--- GIVEN MATERIAL ---

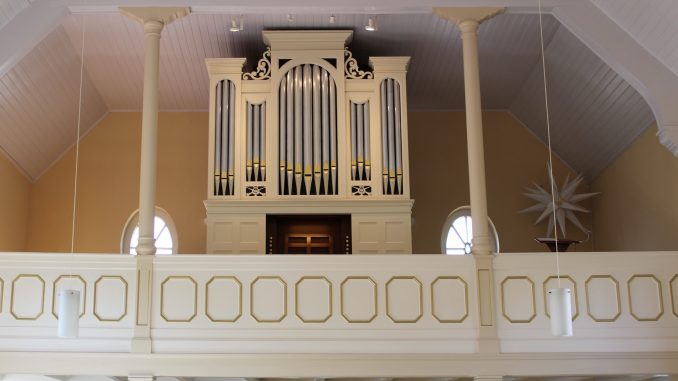 orgel lutherkirche bad bentheim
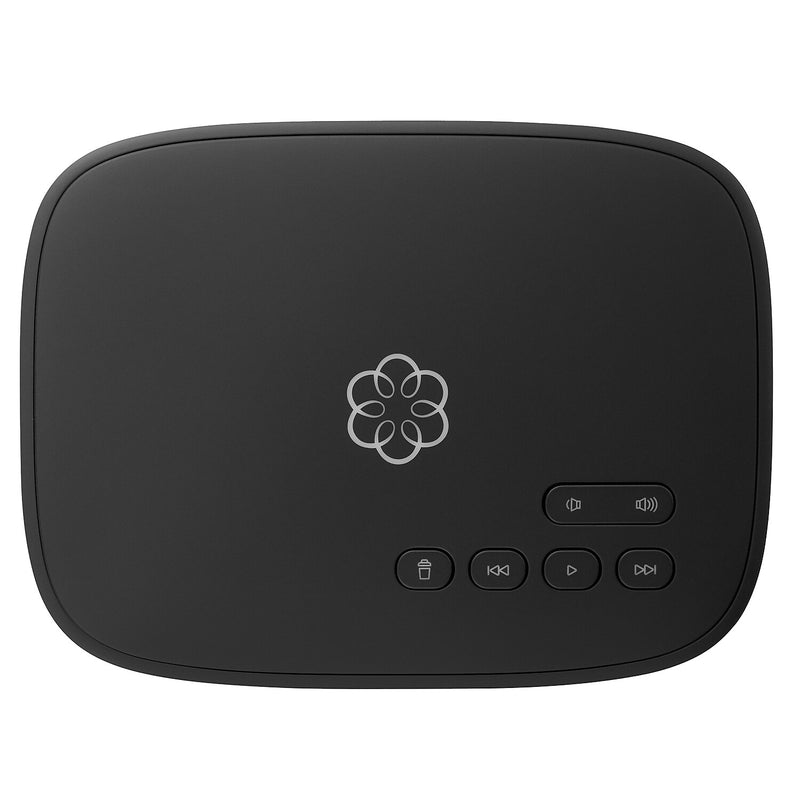 Ooma Home Office 2-Line VOIP Phone Bundle with Digital Answering, Black (HMOFBNDL)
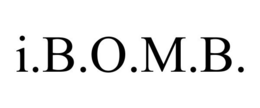 I.B.O.M.B. trademark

---

[ASSIGNED TASK]: What you need to copy is the run of lines from the one holding "Ooma Home Office" through the end of the data, exactly and only, both ends included, pictures omitted.

[RESPONSE AREA]:
 Ooma Home Office 2-Line VOIP Phone Bundle with Digital Answering, Black (HMOFBNDL)
 I.B.O.M.B. trademark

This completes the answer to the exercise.